The Campbell side contended Mr Le Blanc who was in the rough at the 11th green and 12th tee box hit the ball and it overshot the green and hit Mr Campbell on the head. They submitted it was “an errant shot” and there was a fundamental obligation to shout ‘fore’ because somebody could be in its way.
It was claimed against the County Sligo Golf Club and The Golfing Union of Ireland there was an alleged failure to take reasonable care for the safety of spectators and an alleged failure to give any warnings to those attending the competition they ought not be located at the place where Mr Campbell suffered injury.
It was claimed against Mr Le Blanc he allegedly failed to warn spectators including Mr Campbell of dangers of which he ought to have been aware.
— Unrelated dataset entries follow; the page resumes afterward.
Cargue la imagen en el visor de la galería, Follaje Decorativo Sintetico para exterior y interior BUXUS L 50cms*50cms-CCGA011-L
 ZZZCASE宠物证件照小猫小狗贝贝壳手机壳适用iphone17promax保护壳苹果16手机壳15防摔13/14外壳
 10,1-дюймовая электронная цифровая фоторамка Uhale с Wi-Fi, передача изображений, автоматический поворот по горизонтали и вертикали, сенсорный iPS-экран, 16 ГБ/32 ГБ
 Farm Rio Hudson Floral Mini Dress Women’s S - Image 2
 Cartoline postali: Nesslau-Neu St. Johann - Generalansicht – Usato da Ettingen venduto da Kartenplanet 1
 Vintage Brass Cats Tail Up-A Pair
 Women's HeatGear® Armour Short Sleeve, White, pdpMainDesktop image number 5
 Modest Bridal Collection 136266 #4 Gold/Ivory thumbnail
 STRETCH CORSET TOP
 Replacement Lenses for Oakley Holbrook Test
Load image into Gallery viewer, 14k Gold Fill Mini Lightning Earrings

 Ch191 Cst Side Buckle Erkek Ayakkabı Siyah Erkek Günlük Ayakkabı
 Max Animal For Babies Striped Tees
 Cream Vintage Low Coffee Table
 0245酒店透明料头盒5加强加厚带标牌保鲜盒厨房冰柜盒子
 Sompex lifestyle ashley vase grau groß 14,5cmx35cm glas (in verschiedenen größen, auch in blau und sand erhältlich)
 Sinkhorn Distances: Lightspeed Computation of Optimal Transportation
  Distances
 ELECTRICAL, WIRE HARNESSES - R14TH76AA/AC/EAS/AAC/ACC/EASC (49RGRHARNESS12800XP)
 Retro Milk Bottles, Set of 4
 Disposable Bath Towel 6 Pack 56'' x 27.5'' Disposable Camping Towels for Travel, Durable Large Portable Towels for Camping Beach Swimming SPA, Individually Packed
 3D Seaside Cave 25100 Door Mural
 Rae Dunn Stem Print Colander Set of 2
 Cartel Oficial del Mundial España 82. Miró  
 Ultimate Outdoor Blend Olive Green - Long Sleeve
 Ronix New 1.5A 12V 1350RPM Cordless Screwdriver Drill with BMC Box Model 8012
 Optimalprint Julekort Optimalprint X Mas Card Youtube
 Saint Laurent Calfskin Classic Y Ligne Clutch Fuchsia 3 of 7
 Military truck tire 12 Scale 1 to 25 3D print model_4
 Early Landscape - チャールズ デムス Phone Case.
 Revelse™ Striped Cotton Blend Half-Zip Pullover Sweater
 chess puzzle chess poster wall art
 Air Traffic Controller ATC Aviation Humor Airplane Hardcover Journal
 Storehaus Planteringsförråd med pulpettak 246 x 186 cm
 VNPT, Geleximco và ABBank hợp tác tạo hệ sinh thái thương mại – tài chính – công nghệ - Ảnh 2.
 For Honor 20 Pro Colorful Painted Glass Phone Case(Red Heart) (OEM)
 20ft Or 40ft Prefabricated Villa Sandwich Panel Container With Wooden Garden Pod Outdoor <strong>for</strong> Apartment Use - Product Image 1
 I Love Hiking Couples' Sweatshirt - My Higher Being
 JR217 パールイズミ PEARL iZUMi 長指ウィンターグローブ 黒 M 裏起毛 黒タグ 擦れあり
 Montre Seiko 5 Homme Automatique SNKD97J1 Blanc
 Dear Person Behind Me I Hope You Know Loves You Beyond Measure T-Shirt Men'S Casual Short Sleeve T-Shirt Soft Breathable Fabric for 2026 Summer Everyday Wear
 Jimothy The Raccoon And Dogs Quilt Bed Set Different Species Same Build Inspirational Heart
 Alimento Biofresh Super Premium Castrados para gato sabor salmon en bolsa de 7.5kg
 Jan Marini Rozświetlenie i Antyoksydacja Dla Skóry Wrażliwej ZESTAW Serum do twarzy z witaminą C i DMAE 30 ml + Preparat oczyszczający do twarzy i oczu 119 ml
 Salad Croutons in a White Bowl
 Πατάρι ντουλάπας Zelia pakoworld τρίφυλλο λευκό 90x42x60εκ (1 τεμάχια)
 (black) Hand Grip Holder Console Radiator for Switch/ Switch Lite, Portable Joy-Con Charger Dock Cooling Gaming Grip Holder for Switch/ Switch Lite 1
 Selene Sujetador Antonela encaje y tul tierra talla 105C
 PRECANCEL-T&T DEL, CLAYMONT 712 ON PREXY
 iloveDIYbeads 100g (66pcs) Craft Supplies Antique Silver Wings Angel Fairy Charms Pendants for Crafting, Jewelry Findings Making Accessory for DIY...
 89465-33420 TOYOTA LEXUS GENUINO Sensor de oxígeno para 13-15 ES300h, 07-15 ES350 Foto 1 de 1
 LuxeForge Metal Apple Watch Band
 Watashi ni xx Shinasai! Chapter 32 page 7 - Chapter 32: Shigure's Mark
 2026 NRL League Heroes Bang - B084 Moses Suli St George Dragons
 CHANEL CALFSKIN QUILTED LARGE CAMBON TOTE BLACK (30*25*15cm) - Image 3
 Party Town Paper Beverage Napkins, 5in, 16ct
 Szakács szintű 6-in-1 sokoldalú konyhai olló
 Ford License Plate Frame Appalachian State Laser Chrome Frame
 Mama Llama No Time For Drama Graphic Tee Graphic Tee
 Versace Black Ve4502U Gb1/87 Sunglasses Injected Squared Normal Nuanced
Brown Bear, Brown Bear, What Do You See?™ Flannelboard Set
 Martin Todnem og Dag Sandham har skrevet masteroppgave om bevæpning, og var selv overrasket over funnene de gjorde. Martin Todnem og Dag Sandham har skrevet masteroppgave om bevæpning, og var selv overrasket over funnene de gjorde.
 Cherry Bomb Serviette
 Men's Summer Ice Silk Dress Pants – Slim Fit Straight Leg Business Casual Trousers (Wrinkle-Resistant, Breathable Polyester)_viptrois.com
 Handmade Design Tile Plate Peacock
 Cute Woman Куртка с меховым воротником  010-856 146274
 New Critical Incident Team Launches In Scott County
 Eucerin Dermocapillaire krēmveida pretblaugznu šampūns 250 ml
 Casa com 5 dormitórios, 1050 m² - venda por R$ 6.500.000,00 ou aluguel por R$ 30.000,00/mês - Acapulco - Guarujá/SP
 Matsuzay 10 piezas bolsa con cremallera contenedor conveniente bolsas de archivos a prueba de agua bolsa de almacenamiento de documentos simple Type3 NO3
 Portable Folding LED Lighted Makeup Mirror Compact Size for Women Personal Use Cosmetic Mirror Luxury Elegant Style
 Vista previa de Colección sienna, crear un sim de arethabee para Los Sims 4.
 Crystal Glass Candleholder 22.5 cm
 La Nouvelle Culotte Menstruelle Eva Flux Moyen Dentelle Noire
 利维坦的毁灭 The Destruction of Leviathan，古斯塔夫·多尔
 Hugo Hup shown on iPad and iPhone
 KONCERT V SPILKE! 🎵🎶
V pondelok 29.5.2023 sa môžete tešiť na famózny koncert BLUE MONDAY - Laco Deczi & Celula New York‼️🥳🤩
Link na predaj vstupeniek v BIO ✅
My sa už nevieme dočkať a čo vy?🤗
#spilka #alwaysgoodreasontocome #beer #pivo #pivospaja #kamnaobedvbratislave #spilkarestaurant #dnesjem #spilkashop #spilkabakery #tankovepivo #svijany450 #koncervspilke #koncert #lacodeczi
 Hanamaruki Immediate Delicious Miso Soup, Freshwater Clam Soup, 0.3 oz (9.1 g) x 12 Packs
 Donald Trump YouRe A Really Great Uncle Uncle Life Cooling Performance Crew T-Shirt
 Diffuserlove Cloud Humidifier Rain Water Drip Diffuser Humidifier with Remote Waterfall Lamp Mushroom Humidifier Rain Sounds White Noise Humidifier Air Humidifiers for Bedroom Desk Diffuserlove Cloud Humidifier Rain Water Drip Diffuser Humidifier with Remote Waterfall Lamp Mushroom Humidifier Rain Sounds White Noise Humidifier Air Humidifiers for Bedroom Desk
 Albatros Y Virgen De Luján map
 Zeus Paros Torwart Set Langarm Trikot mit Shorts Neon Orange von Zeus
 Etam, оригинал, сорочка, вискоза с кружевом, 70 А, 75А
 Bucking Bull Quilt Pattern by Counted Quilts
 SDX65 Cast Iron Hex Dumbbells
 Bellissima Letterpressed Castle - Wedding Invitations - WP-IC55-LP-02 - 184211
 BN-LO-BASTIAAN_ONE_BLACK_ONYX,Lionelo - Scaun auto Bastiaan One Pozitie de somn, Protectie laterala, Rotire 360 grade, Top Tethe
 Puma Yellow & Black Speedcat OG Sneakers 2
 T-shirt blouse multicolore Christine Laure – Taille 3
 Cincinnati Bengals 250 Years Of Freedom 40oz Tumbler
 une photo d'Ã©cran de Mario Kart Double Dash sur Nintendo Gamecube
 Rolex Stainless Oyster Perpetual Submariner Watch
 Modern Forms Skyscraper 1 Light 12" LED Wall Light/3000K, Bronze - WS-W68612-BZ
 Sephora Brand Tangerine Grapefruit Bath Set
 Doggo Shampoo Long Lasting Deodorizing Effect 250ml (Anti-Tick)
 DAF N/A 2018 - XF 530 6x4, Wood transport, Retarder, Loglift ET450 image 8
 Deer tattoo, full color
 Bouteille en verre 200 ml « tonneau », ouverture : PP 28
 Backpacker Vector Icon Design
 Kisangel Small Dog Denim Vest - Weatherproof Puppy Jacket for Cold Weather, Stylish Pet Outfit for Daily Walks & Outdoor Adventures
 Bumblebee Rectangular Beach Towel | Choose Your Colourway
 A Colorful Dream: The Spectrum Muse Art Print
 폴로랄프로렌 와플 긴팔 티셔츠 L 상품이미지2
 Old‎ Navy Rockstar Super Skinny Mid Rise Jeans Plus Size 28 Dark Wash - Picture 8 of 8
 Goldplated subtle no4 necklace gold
All the claims were denied and it was contended there was alleged contributory negligence on the part of Mr Campbell who was engaged in conversation and not looking at the golfer take the shot.
In her judgment, Ms Justice O’Hanlon said golfer Kevin Le Blanc who gave evidence was “most impressive , understated but very honest and very credible.” She said he was a highly experienced elite amateur golfer who knew his game. He said had he been aware there were people who were left of the green and if his ball was heading towards them, he would have shouted “fore” but he was not aware there were people standing so close to the green.
‘Not Paying attention’
The court notes that this man had 40 seconds to hit the shot and on his own evidence he had to be very careful, and he took a look at the yardage book, got the intended line and hit the ball along the intended line and both he and his caddy were happy with this,” the judge said.
Referring to Mr Campbell’s evidence the judge said of particular note is that Mr Campbell was not paying attention at all when the incident occurred.
“He was not looking at play, he described people looking for a ball and that he was talking to his friends,’ the judge said.
“The situation on the ground of this championship competition was that to a great extent they were self-regulating and self-policing spectators. All spectators were deemed to have been knowledgeable of the game of golf and would be reasonably expected to take care of their own safety accordingly,” Ms Justice O’Hanlon said.